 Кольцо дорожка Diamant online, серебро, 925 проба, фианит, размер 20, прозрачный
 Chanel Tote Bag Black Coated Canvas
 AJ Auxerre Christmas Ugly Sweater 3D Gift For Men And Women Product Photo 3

^^^^^^^^

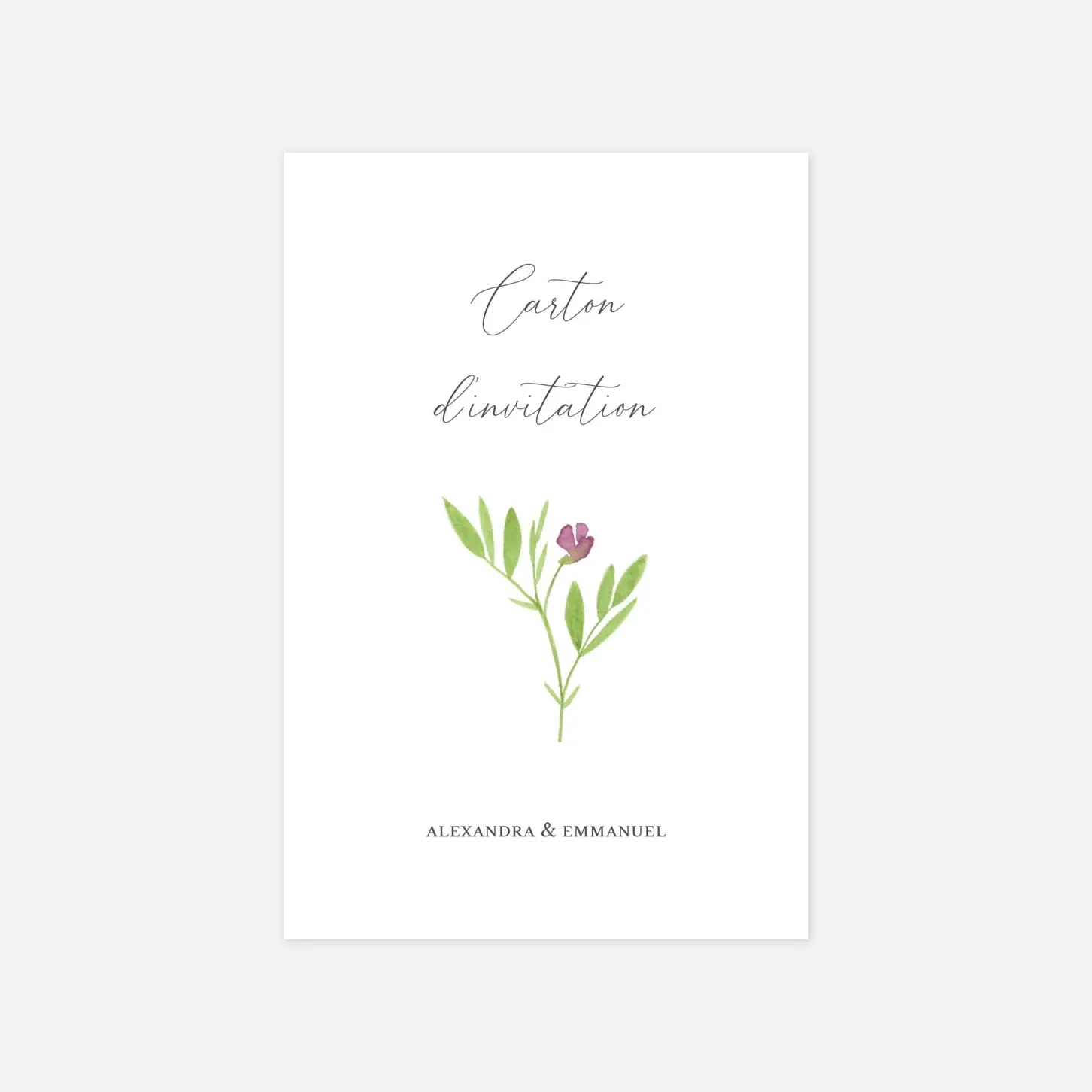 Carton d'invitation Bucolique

^^^^^^^^

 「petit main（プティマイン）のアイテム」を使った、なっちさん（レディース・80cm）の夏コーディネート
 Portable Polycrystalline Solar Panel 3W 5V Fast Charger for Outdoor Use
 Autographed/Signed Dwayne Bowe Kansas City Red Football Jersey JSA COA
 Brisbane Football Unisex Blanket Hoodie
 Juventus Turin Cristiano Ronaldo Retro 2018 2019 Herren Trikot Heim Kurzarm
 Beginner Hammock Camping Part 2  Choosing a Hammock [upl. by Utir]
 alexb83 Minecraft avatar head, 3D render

^^^^^^^^

Exercise.
Pull together all lines from the data that mention the word "Football".

Output below.
 Autographed/Signed Dwayne Bowe Kansas City Red Football Jersey JSA COA
 Brisbane Football Unisex Blanket Hoodie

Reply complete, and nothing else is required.